Upon reaching the line that contains "Ocean View Graphic" in the records below, begin repeating every line exactly through the last one, skipping pictures.

RECORDS SUPPLIED:
######
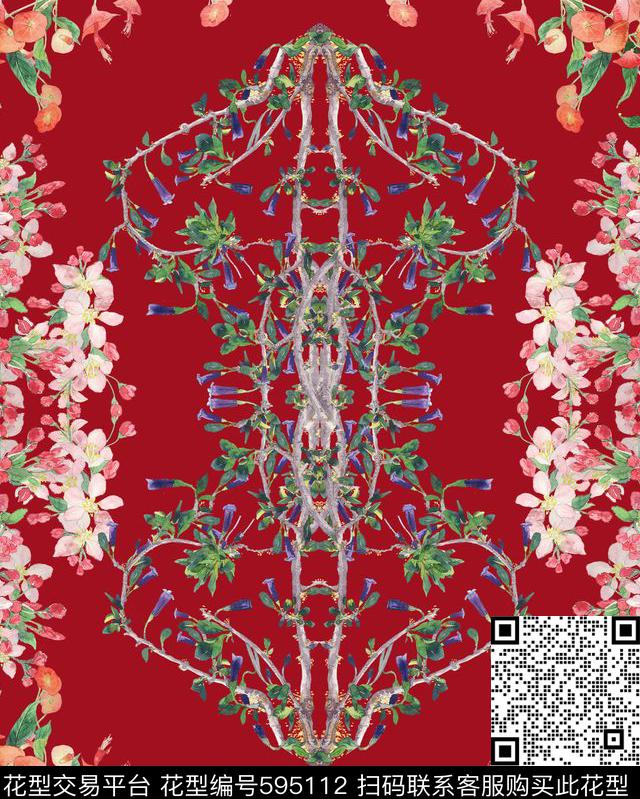 花瓣小碎花大花数码印花华亿平台下载（图片编号: 595112） - 瓦栏（Walan）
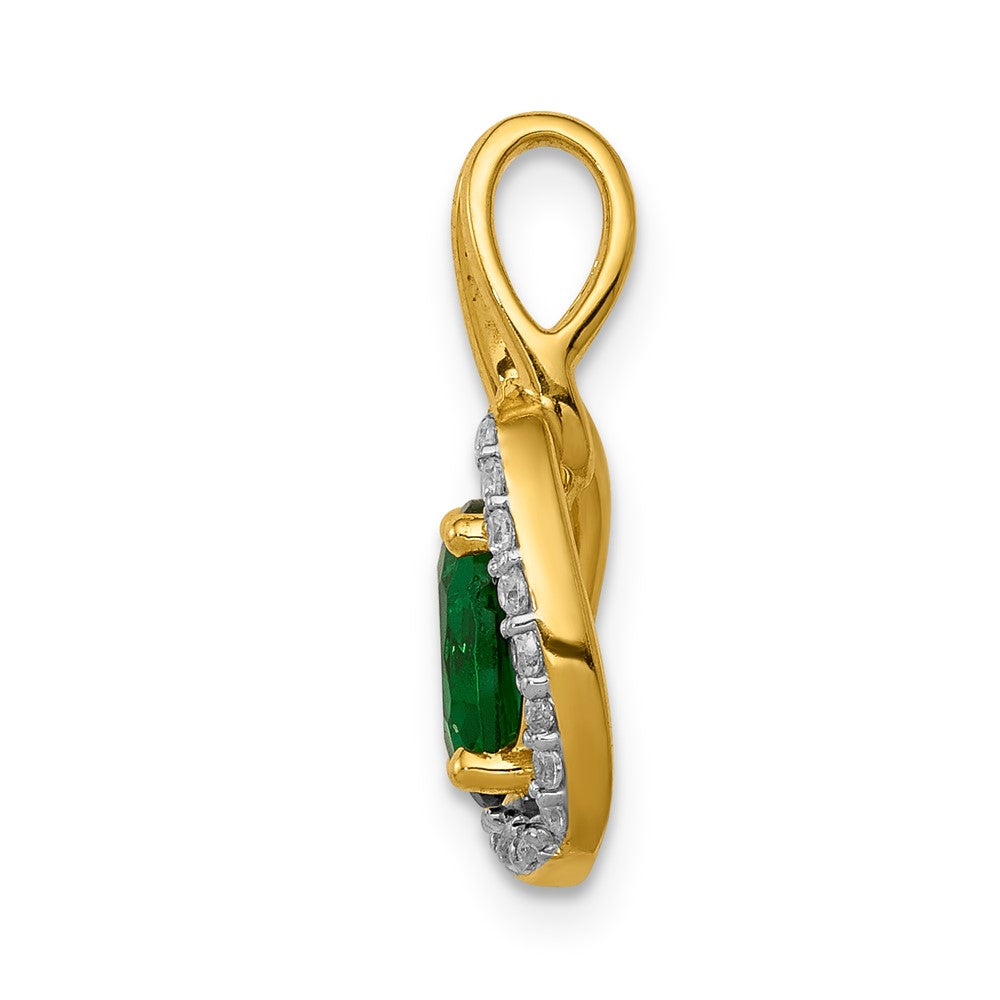 14K Gelbgold Anhänger mit echtem Diamant und ovalem Smaragd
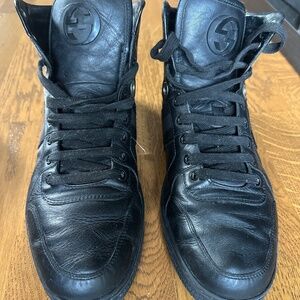 Gucci Men's Black Leather High Top Sneakers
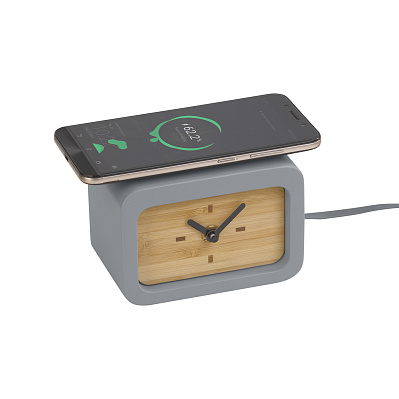 Часы "Stonehenge" с беспроводным зарядным устройством, камень/бамбук  (Серый/бежевый)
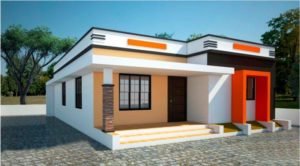 780 sq ft 2 bedroom flat roof modern single floor house and plan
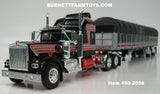 Item #60-2056 Black Viper Red Silver Kenworth W900A Aerodyne Sleeper with Whale Tail and Black Viper Red Silver Sided Black Tarp Black Frame Spread Axle 53-foot Flatbed Covered Wagon Trailer - 1/64 Scale – DCP by First Gear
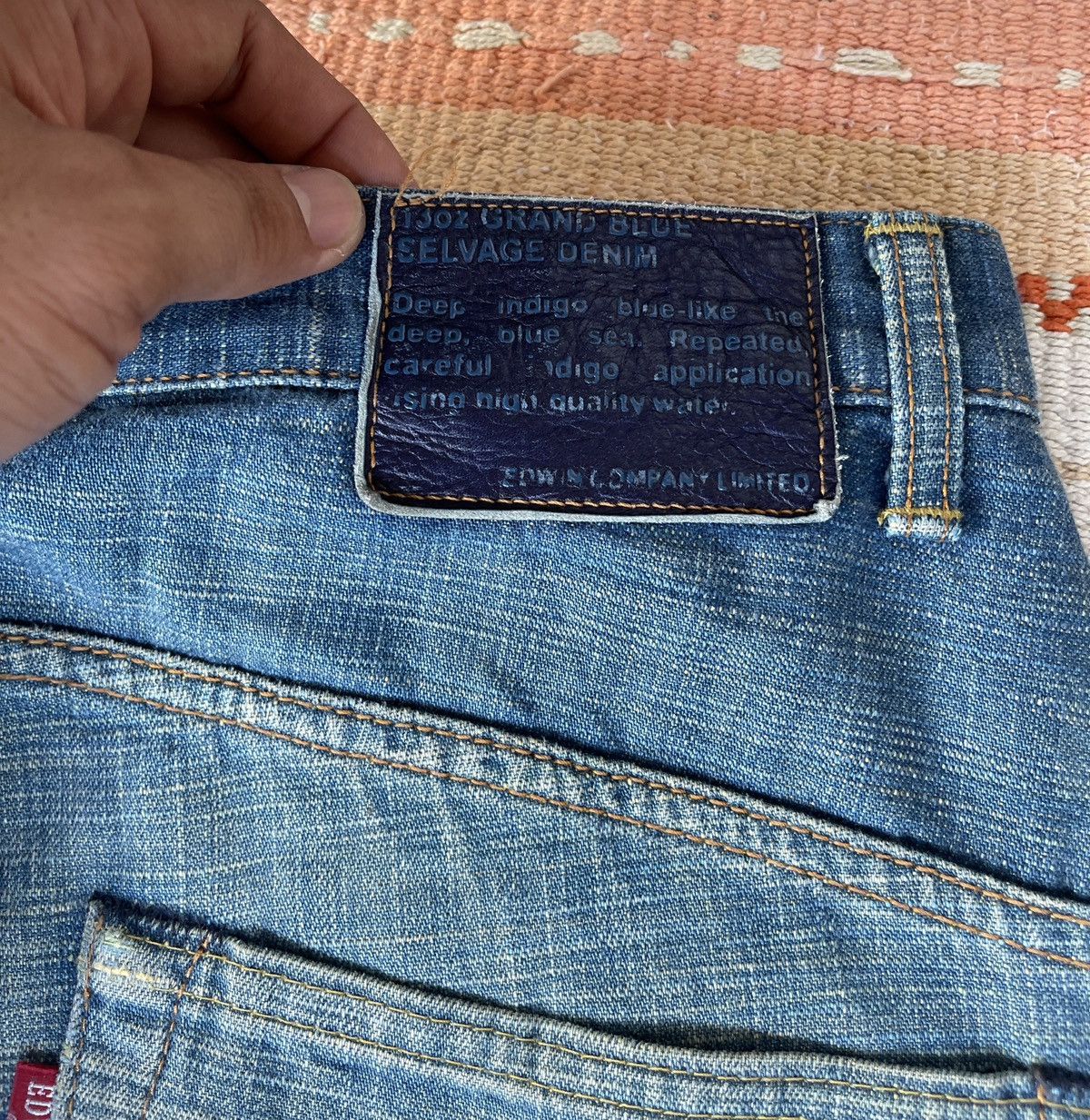 Edwin Rare‼️Vintage 90s🔥EDWIN🔥13oz Grand Blue Selvedge Denim Size US 33 - 6 Thumbnail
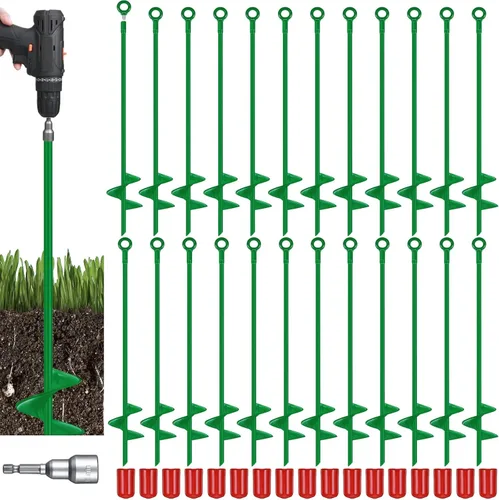 Chumia 6 Piezas Anclas de Tierra de 18 Pulgadas con Hoja Espiral de Servicio Pesado Kit de Anclas de Metal para Columpios y Cobertizos para Asegurar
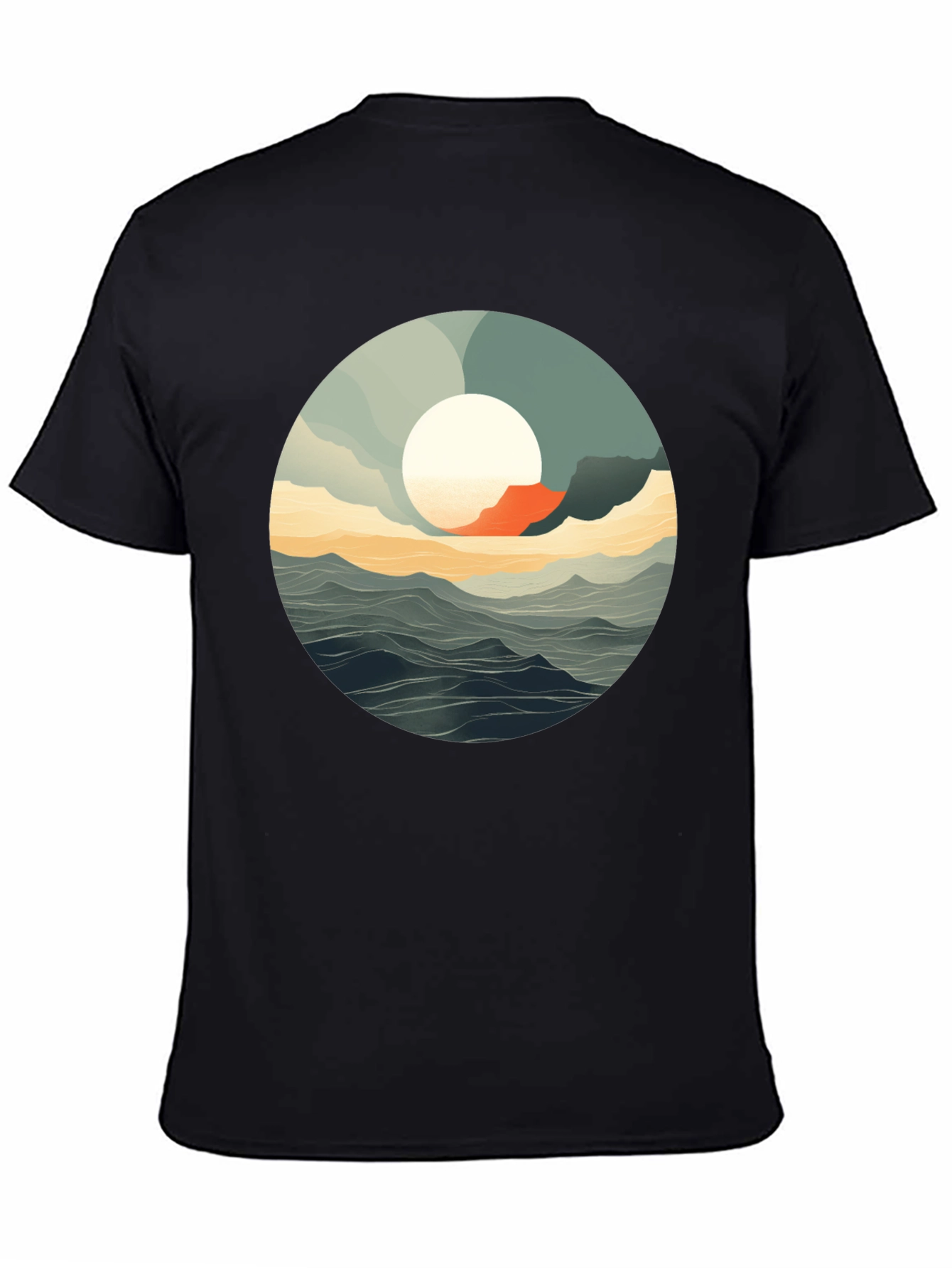 Ocean View Graphic Tee - Stylish Black T-Shirt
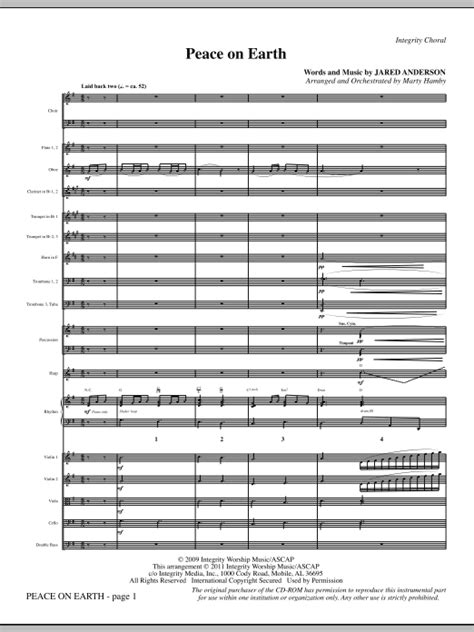 Marty Hamby Peace On Earth Full Score Sheet Music Notes Chords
######
TASK RESULT:
 Ocean View Graphic Tee - Stylish Black T-Shirt
 Marty Hamby Peace On Earth Full Score Sheet Music Notes Chords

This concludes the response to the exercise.